Germany’s supreme court has handed down a ruling that nuclear opponents welcome as strengthening their rights.

The group that has resisted nuclear waste dumping at the north German village of Gorleben for 31 years says the ruling, confirming the right of residents along the waste transport routes to litigate against the transports, is a clear reprimand of lower courts.

The Lüchow-Dannenberg Civic Initiative for the Environment (BI) sees the ruling “strengthening the cause of the nuclear opponents”.

For years lower administrative courts had refused complainants along the route to Gorleben the right to challenge transport permits issued under nuclear law.

The supreme court now ruled in favour of two complainants who argued that their constitutional rights were breached because they were refused access to lower courts since 2003.

The BI now contends that the judgment proves that “for years a gigantic police apparatus was used to transport nuclear waste to Gorleben on a questionable legal basis”.

"We have always demanded that protection of the population must take priority over protection of purely financial interests of the atomic industry,” commented a BI spokesman.

"Moreover, during the last transport (in November) the radiation minimisation regulation was breached because the casks contained substantially more radioactive material and radiated significantly more.

“That was why police leaders gave out the order beforehand that police should stay at least 6.5 metres away from a critical danger zone.

“But what about the population, houses and plots along the transport route that are knowingly and directly exposed to the high radiation risk?”

The BI spokesman states that breaches of basic rights are regularly and knowingly committed whenever nuclear waste is transported.

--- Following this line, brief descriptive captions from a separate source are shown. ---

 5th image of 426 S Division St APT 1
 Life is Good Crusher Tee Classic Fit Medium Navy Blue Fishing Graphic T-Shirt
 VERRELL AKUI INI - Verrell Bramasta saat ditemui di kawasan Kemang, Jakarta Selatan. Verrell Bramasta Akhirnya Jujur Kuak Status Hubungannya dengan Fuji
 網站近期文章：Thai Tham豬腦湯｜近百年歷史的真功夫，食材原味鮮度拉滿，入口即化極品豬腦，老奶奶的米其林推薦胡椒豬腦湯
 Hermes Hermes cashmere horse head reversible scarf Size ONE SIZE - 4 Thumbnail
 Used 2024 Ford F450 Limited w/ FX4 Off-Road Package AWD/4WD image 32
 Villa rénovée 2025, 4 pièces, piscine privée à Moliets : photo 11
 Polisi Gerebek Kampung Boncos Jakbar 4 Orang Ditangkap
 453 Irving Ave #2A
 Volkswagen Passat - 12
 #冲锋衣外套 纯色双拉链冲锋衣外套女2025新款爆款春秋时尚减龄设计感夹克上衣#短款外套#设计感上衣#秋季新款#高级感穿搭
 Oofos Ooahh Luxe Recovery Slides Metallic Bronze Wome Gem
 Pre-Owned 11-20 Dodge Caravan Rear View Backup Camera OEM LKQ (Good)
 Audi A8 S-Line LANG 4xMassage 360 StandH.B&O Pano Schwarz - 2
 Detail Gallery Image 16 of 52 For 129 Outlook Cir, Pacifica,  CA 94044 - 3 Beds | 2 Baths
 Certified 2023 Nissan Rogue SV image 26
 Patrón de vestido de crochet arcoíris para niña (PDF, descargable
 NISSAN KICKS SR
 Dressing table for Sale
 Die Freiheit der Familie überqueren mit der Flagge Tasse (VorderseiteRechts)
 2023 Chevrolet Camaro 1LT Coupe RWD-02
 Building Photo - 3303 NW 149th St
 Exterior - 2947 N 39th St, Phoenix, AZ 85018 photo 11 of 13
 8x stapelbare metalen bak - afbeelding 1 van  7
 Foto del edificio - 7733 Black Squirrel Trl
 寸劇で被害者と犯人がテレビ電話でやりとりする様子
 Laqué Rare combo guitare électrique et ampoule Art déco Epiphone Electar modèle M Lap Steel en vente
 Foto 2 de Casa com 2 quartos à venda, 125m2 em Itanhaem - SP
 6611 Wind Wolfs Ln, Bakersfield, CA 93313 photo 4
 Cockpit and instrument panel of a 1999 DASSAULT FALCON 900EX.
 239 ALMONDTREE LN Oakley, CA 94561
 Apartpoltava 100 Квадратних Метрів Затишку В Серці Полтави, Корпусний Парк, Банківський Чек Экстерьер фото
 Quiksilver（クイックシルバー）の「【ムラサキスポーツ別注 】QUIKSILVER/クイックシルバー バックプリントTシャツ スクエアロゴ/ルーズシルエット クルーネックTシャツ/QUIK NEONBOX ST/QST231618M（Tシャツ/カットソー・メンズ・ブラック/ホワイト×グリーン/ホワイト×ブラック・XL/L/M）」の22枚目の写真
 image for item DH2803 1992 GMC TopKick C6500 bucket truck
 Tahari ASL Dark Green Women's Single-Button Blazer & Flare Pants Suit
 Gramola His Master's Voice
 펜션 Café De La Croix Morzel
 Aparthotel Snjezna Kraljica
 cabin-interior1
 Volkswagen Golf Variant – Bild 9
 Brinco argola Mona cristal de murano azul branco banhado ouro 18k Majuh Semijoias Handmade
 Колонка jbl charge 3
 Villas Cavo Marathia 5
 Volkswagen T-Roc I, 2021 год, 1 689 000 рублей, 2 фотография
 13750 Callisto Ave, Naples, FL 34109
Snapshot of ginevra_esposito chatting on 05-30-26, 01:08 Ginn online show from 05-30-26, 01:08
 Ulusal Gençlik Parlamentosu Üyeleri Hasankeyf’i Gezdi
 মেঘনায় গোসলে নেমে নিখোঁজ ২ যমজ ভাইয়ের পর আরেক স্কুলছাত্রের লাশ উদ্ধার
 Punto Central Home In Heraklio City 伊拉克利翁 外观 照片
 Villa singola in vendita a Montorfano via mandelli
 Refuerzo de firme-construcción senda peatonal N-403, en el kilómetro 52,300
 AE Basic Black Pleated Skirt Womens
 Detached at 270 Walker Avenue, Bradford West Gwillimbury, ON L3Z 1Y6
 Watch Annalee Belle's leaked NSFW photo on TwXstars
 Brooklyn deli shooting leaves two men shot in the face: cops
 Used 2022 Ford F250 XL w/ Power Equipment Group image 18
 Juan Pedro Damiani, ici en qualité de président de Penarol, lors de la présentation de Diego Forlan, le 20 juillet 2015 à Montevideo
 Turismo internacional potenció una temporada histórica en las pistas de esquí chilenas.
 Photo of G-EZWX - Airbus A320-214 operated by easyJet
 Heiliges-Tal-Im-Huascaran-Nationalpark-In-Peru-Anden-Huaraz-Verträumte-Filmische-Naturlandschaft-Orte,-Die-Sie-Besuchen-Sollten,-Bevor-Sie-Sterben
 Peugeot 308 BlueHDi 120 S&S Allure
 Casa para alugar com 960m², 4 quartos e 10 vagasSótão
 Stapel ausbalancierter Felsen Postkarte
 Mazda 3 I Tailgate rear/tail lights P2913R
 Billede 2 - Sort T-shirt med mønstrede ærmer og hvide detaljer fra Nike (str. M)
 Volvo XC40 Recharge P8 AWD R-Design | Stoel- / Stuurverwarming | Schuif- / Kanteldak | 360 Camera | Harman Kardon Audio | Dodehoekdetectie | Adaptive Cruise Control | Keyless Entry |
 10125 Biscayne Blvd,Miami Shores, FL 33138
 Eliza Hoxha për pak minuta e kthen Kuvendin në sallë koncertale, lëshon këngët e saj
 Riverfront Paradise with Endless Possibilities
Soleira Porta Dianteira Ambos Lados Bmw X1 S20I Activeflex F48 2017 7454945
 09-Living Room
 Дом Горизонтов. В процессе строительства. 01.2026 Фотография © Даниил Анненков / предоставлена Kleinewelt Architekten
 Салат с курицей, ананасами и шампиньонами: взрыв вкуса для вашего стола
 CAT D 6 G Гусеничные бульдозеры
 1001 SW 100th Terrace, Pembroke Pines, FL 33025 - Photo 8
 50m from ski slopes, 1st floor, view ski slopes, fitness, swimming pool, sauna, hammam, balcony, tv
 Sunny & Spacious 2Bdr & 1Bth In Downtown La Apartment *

“On the agenda of breaches to enforce the transports against the interests of the population are the basic right to life and physical integrity (Art. 2), the right to freedom of assembly (Art. 8), the right to privacy of correspondence, posts and telecommunication (Art. 10) and the right to property (Art. 14). And finally, Article 19 assures every citizen: ‘Should any person’s rights be violated by public authority, he may have recourse to the courts.’”

The supreme court said the female plaintiff’s right to effective legal protection was violated because the lower court denied her access to appeal in an unacceptable manner.

The BI is still waiting for a supreme court ruling on assembly bans along the transport routes.

In another development, nuclear opponents are furious that a nuclear dump in an old salt mine that is taking in water is to be fixed at taxpayers’ expense and that the power companies that produced the waste are to be let off the hook. The repairs are to cost billions of euros.